*** Records for the exercise Section Begins ***

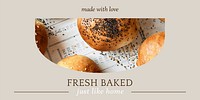 Fresh baked psd twitter header template for bakery and cafe marketing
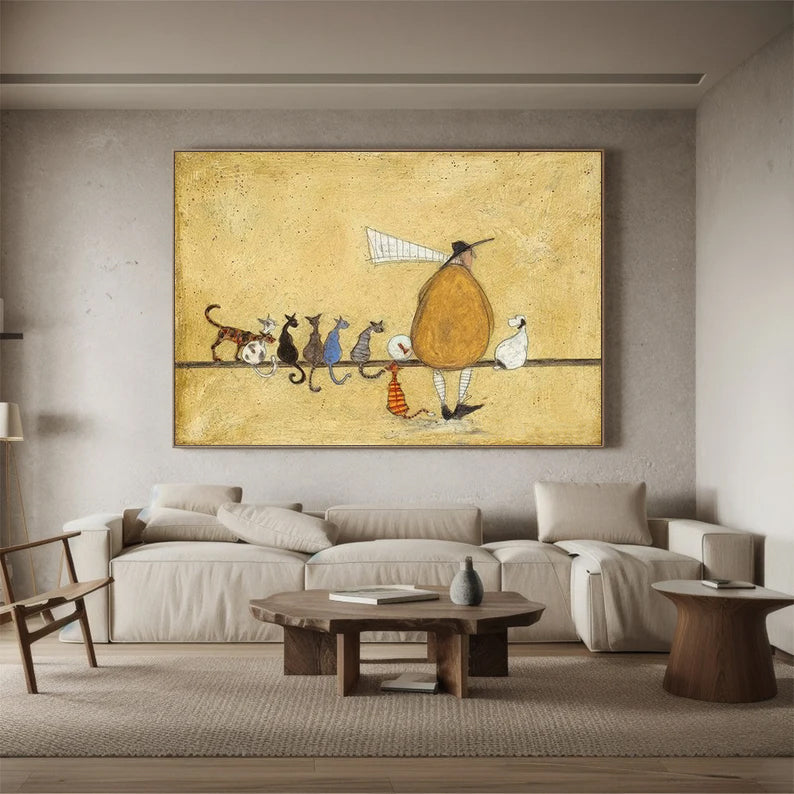 Hand painted cat wall art cat lover gift whimsical cat painting retro cat illustration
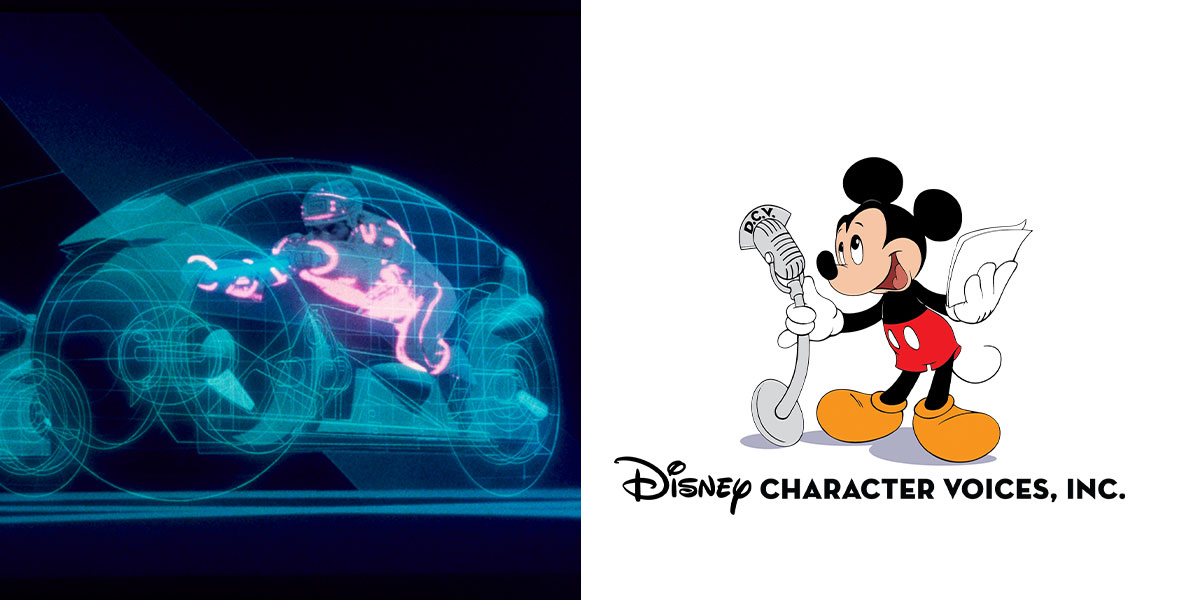Left: A lineup of three blue lightcycles from the film TRON, each piloted by a program in a lit-up "TRON" suit. Right: An illustration of Mickey Mouse in his classic red shorts, reading aloud from a script in one hand while speaking into an old-fashioned microphone held in the other. Below him is the text "Disney Character Voices, Inc.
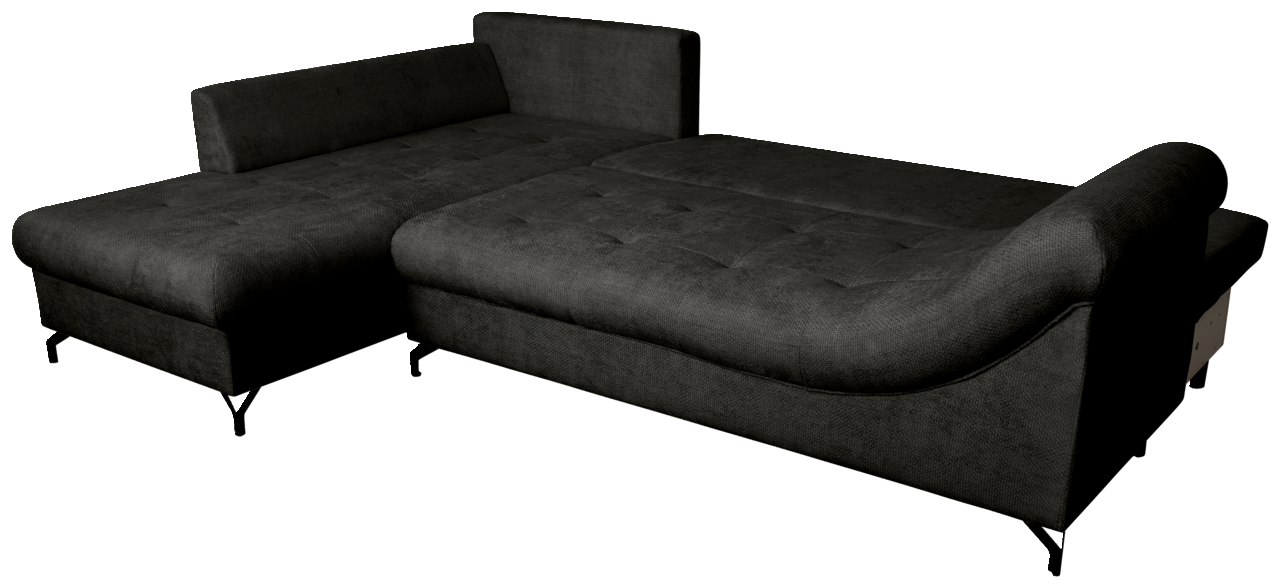 Dunkelgraue Ecksofa mit Ottomane links, moderne Metallfüße, seitliche Perspektive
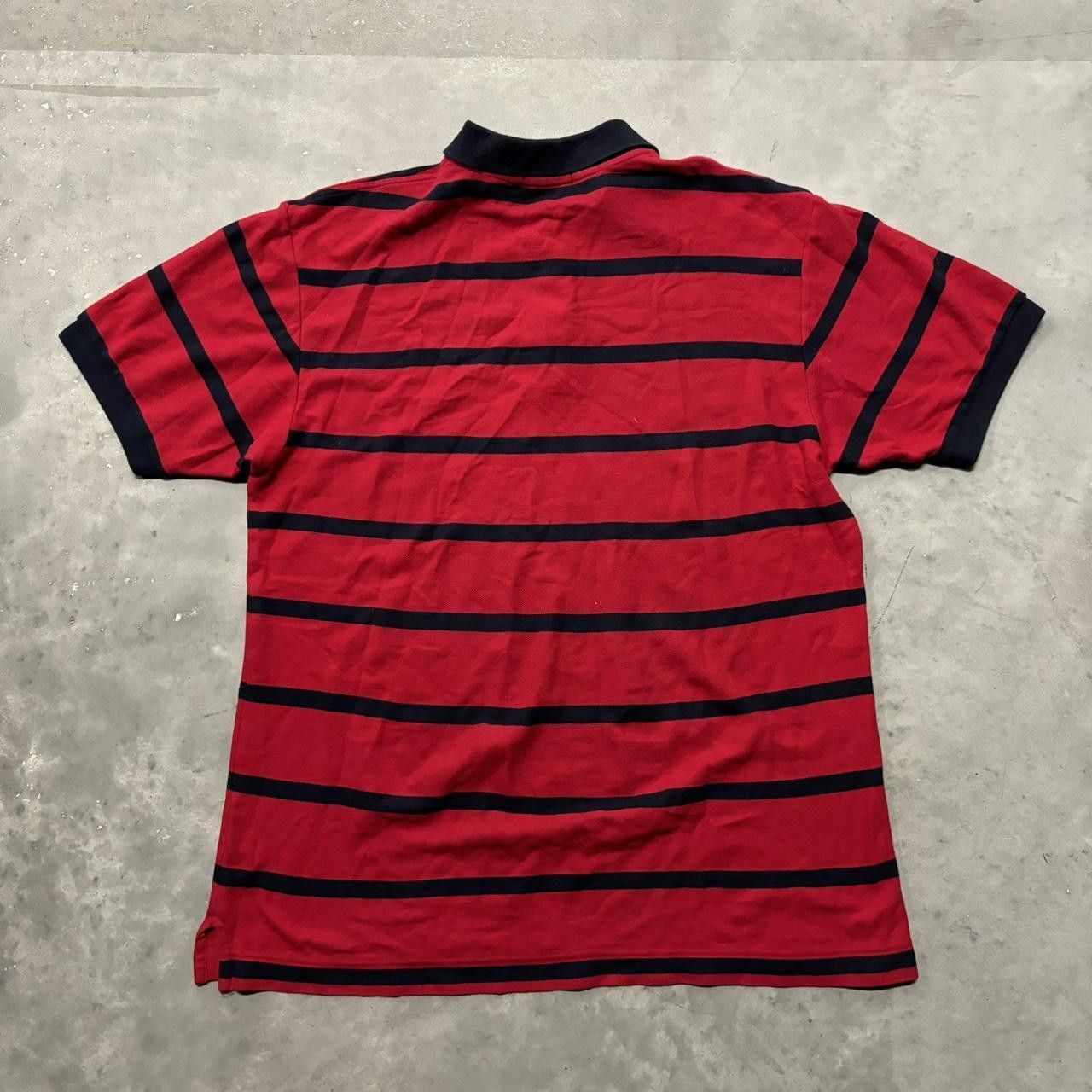 Japanese Brand × Vintage Crazy Vintage Y2K/2000s Grunge Red Striped Essential Polo Shirt! Size US XL / EU 56 / 4 - 5 Thumbnail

*** Records for the exercise Section Ends ***

What this task involves
Which part of the entries opens with the line containing "Left: A lineup" and closes with the line containing "Dunkelgraue Ecksofa mit"? Output that part exactly, ends included, pictures excluded.

Answer to this exercise
Left: A lineup of three blue lightcycles from the film TRON, each piloted by a program in a lit-up "TRON" suit. Right: An illustration of Mickey Mouse in his classic red shorts, reading aloud from a script in one hand while speaking into an old-fashioned microphone held in the other. Below him is the text "Disney Character Voices, Inc.
 Dunkelgraue Ecksofa mit Ottomane links, moderne Metallfüße, seitliche Perspektive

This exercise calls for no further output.